Tegoprubart patients reported lower symptom burden than tacrolimus patients at 52 weeks. According to Eledon, tegoprubart showed statistically significant improvements on the MTSOSD-59R scale (treatment difference -12.2) and KDQOL-36 Symptoms and Problems domain (treatment difference 5.7), both favoring tegoprubart.

What safety findings were reported for tegoprubart in Eledon’s long-term BESTOW extension?

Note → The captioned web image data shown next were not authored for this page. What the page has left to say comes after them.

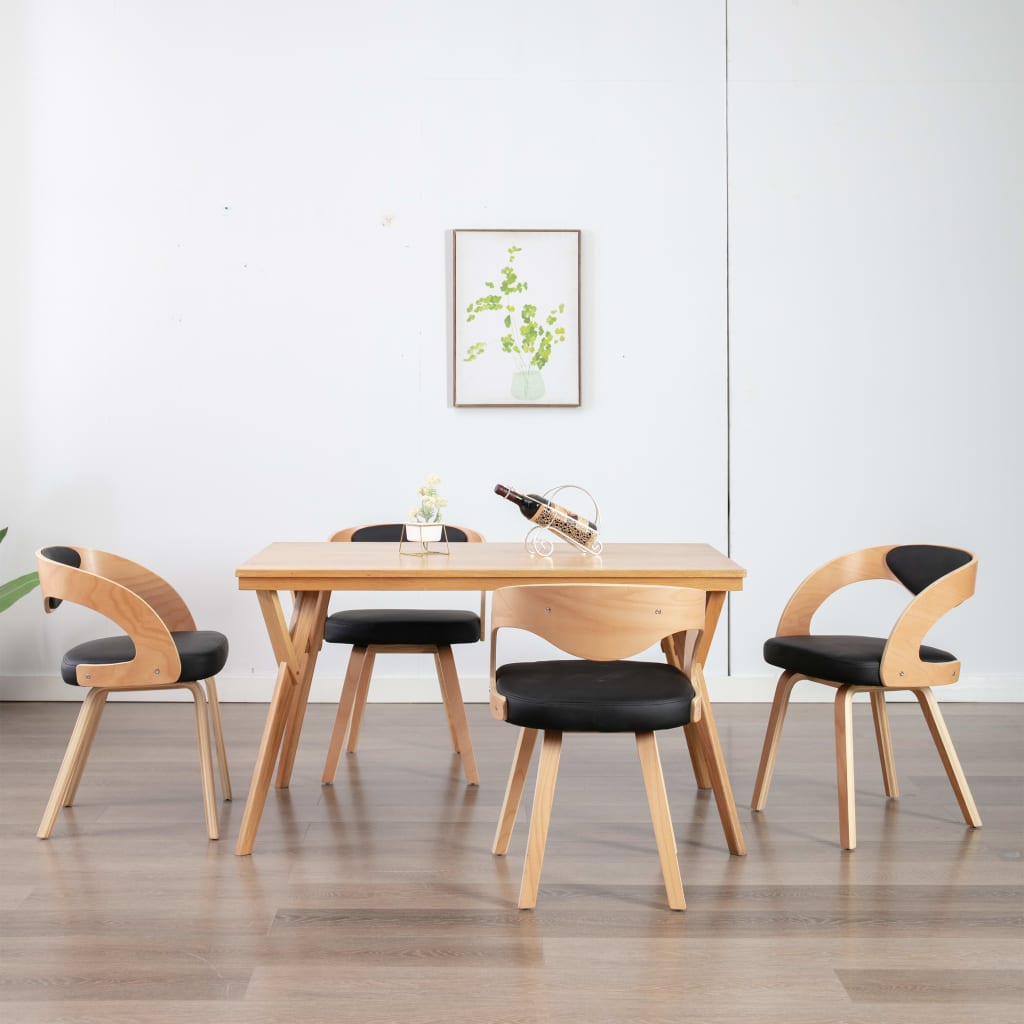 Dining Chairs 4 Pcs Dark Grey Bent Wood And Fabric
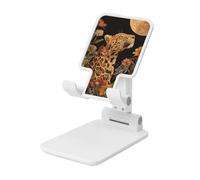 Woshuwo Majestic Leopard In The Night Sky Support pliable pour téléphone portable à angle réglable en hauteur Compatible avec tous les smartphones Blanc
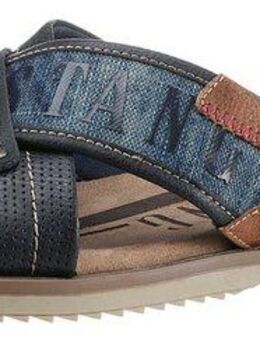 Mustang Shoes Pantolette, Sommerschuh, Schlappen, Poolslides, mit auffälligem Logoschriftzug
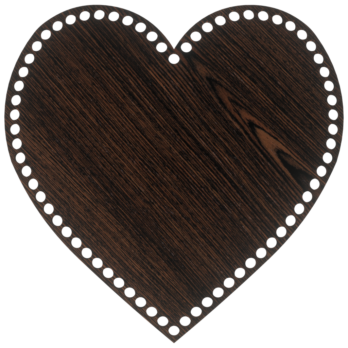 DĄB WENGE BAZA DO KOSZYKA DNO SPÓD PŁYTA HDF DO MAKRAMY SZYDEŁKA SERCE 30CM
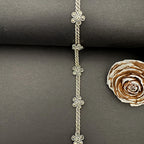Sterling Silver Floral Chain Bracelet - Elegant Jewelry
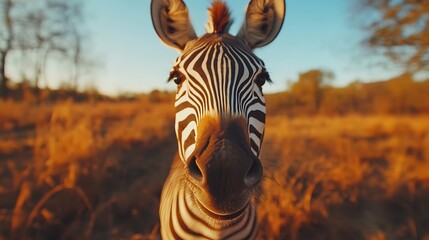 Naklejka premium Zebra Portrait at Golden Hour in the African Savanna. AI Generated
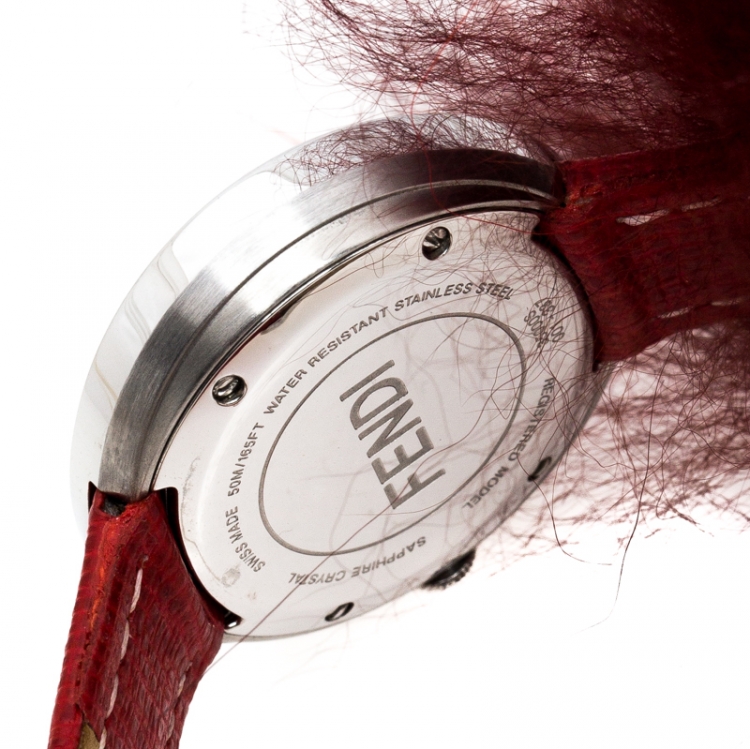 Pre Owned Fendi White Stainless Steel Leather My Way 35000S Women's Wristwatch 28 mm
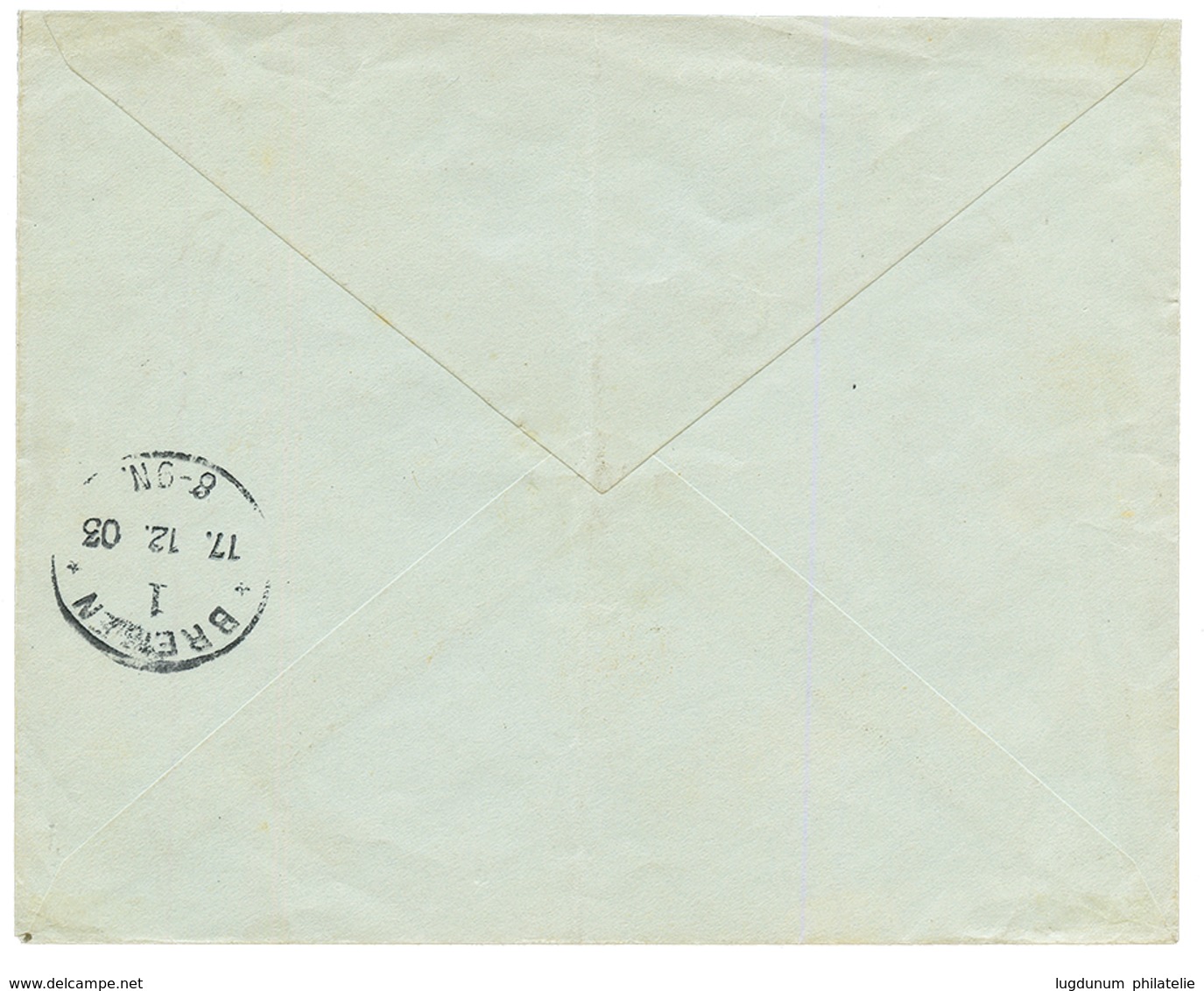 TOGO : 1903 10pf(x2) Canc. SEEPOST LINIE HAMBURG-WESTAFRIKA XXII On Envelope To BREMEN. Vvf. - Togo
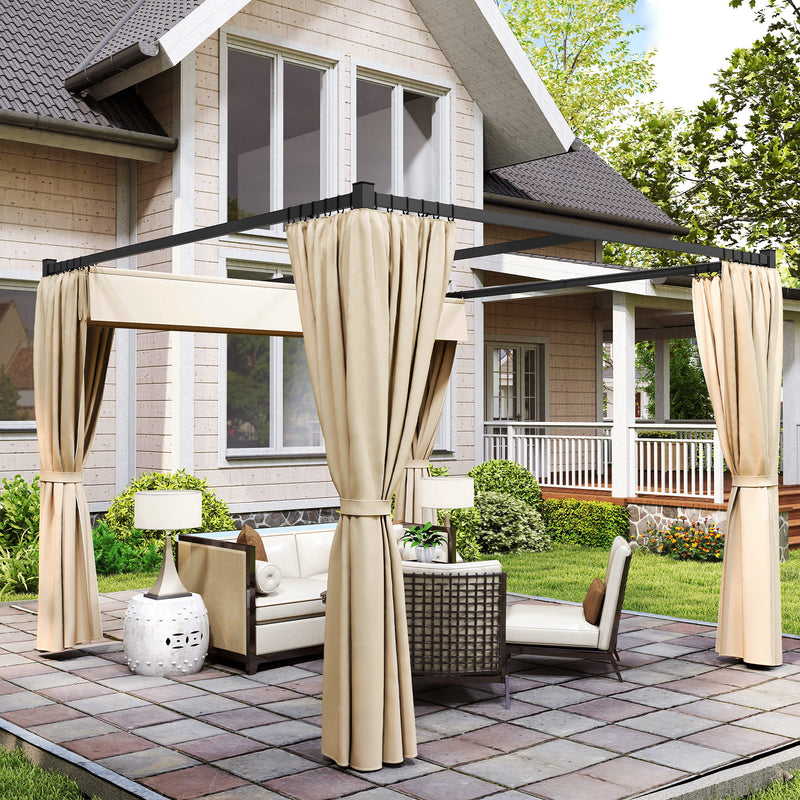 Outsunny 3 x 3(m) Pergola with Retractable Roof and Curtains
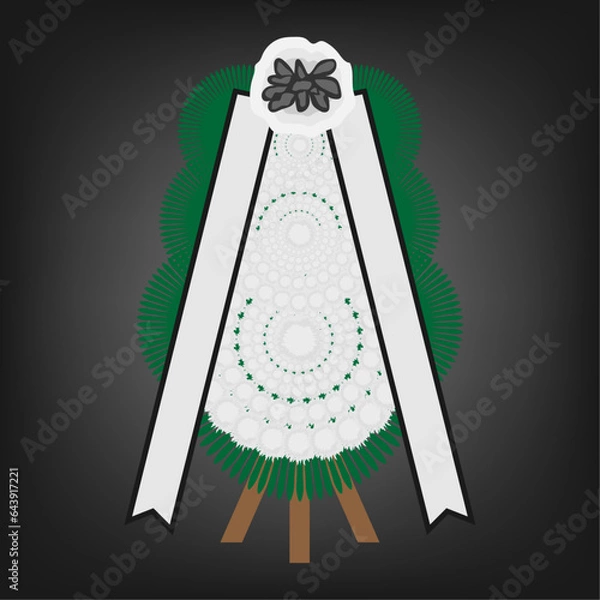 Fototapeta 장례식 근조화환 벡터 일러스트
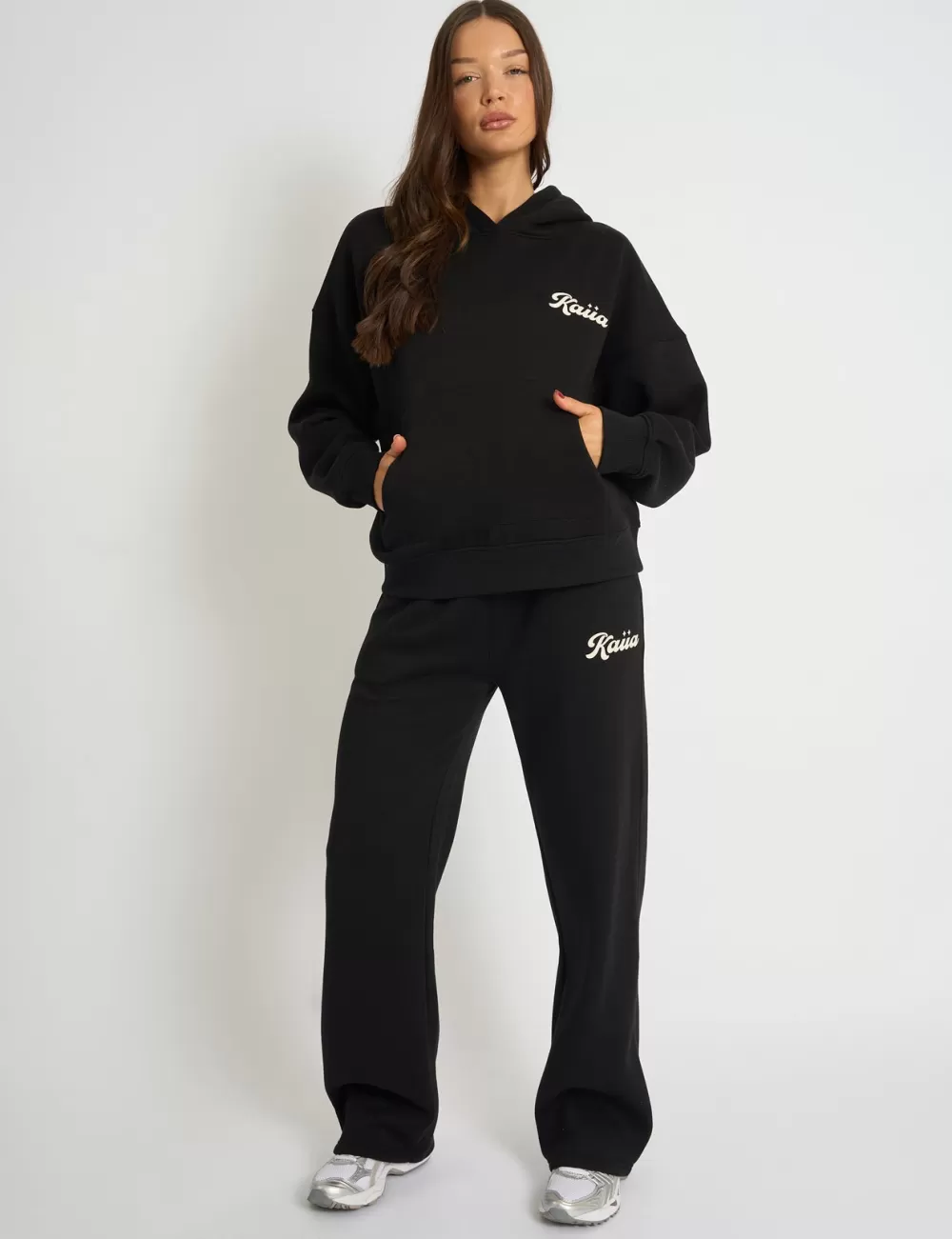 Clearance Public Desire Kaiia Studio Bubble Script Oversized Hoodie Black & Cream Black_and_cream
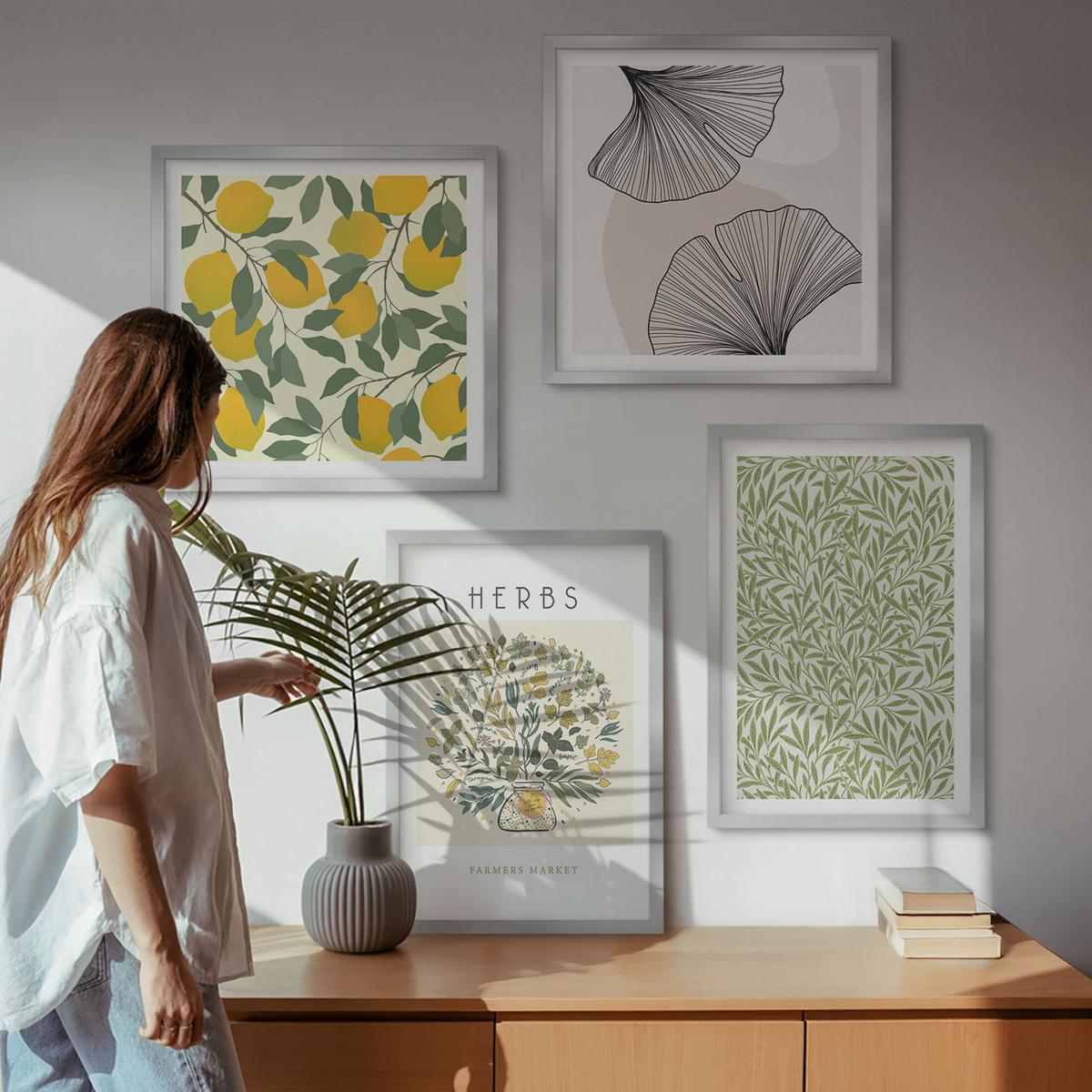 BILDER SET 4er Set - 50x50 cm & 40x60 cm Silberner Rahmen - Zitronenkräuter und -blätter - Silberfarben, Kunststoff (50/50cm) - TULUP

Tegoprubart showed fewer key CNS and kidney-related adverse events versus tacrolimus in the extension. According to Eledon, headache, extremity pain, falls, and acute kidney injury were more frequent with tacrolimus, and no graft loss, PML, PTLD, BK or CMV nephropathy, or new malignancies were observed.

What are the next steps for tegoprubart after ELDN’s Phase 2 BESTOW results?

Eledon plans to move tegoprubart into Phase 3 kidney transplant development in late 2026. According to Eledon, the Phase 3 primary endpoint will test non-inferiority versus tacrolimus at 52 weeks on a composite of rejection, graft loss, and death.